▸ **SUPPLIED DATA**
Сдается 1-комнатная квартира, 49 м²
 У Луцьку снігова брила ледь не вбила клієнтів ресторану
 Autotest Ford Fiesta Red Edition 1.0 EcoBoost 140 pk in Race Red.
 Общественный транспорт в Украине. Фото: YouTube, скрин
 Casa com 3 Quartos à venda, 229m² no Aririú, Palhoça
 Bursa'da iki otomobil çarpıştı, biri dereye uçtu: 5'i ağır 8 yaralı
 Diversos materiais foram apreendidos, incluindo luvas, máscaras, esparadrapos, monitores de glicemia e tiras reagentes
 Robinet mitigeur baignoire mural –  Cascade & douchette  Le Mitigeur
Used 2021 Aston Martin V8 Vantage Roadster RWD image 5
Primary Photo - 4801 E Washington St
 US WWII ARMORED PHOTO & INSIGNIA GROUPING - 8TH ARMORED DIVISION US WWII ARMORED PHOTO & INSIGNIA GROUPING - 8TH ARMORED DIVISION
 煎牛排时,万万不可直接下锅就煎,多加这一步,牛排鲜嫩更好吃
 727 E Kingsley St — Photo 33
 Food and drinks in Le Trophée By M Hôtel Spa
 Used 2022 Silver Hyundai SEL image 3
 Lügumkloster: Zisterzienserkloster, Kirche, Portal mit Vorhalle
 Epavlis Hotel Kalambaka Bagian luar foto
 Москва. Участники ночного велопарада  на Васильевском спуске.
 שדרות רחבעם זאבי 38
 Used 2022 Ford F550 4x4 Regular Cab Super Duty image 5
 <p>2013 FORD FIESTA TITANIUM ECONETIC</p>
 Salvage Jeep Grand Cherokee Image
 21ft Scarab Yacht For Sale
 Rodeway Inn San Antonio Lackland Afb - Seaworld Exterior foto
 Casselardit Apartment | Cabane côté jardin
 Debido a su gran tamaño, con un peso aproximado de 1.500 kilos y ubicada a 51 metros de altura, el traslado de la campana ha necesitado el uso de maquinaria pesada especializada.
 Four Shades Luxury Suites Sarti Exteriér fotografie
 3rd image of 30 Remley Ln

▸ **ASSIGNMENT**
Show all lines in the entries above where the word "Used" appears.

▸ **TASK RESULT**
Used 2021 Aston Martin V8 Vantage Roadster RWD image 5
 Used 2022 Silver Hyundai SEL image 3
 Used 2022 Ford F550 4x4 Regular Cab Super Duty image 5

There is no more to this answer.